→ WHAT IS EXPECTED
Reproduce the entries that follow exactly, dropping each image.

=== Section Start ===

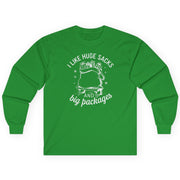 funny christmas irish green long-sleeve shirt with the phrase i like huge sacks and big packages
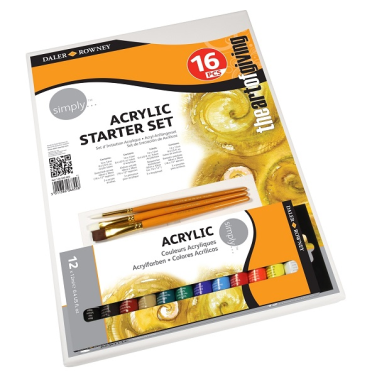 Kit Tinta Acrilica Iniciantes 16pçs 126500005 Daler & Rowey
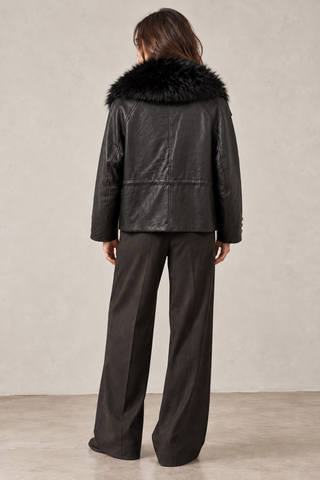 Faux Leather with Oversized Faux Fur Collar Belted Wrap Jacket Black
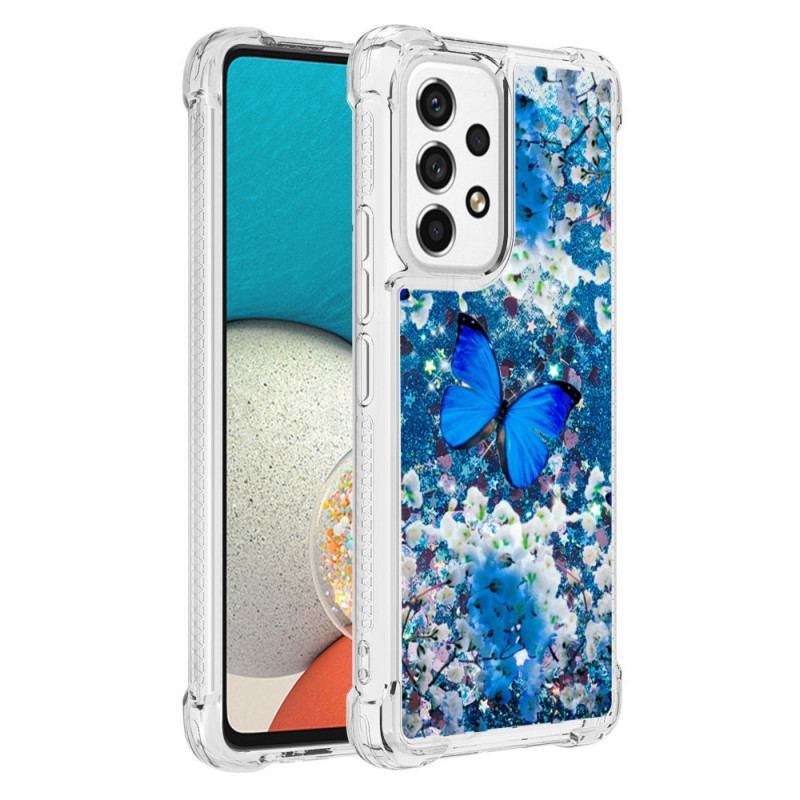 Coque Samsung Galaxy A53 5G Papillons Bleus Paillettes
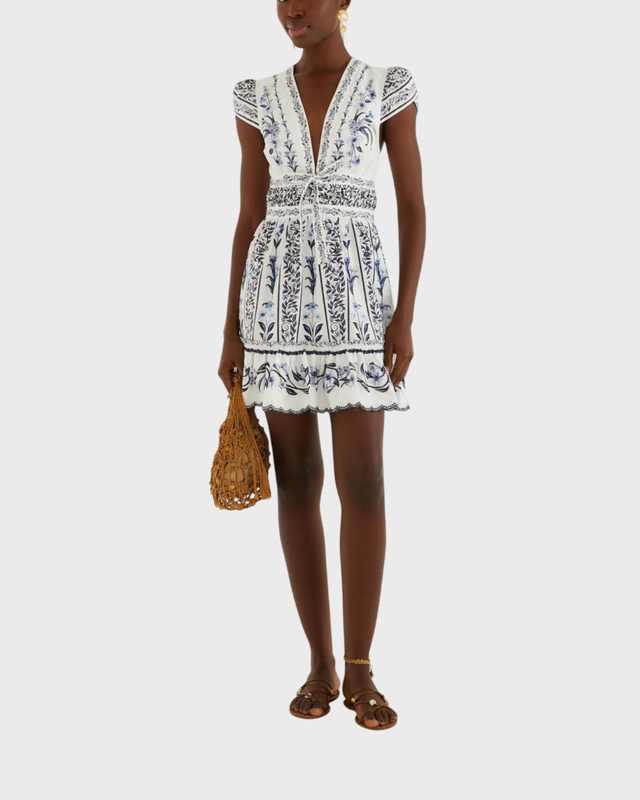FARM Rio Dress Flowers Arch Mini Offwhite XS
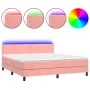Box spring bed with mattress and LED pink velvet 180x200 cm by , Beds and slatted bases - Ref: Foro24-3134362, Price: 483,32 ...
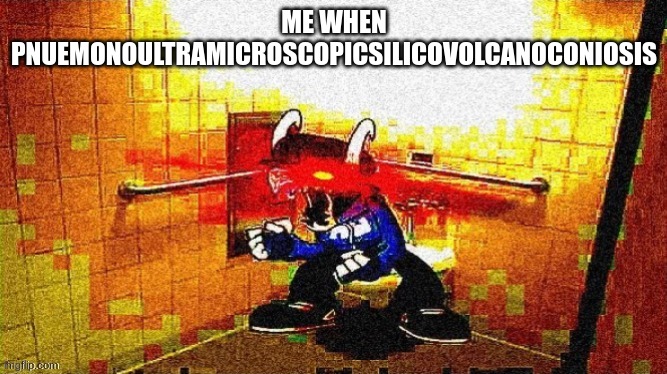 I made this over a year ago… | ME WHEN PNUEMONOULTRAMICROSCOPICSILICOVOLCANOCONIOSIS | image tagged in me when booba | made w/ Imgflip meme maker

=== Section End ===

→ RESPONSE TO THIS EXERCISE
 funny christmas irish green long-sleeve shirt with the phrase i like huge sacks and big packages
 Kit Tinta Acrilica Iniciantes 16pçs 126500005 Daler & Rowey
 Faux Leather with Oversized Faux Fur Collar Belted Wrap Jacket Black
 Coque Samsung Galaxy A53 5G Papillons Bleus Paillettes
FARM Rio Dress Flowers Arch Mini Offwhite XS
Box spring bed with mattress and LED pink velvet 180x200 cm by , Beds and slatted bases - Ref: Foro24-3134362, Price: 483,32 ...
 I made this over a year ago… | ME WHEN PNUEMONOULTRAMICROSCOPICSILICOVOLCANOCONIOSIS | image tagged in me when booba | made w/ Imgflip meme maker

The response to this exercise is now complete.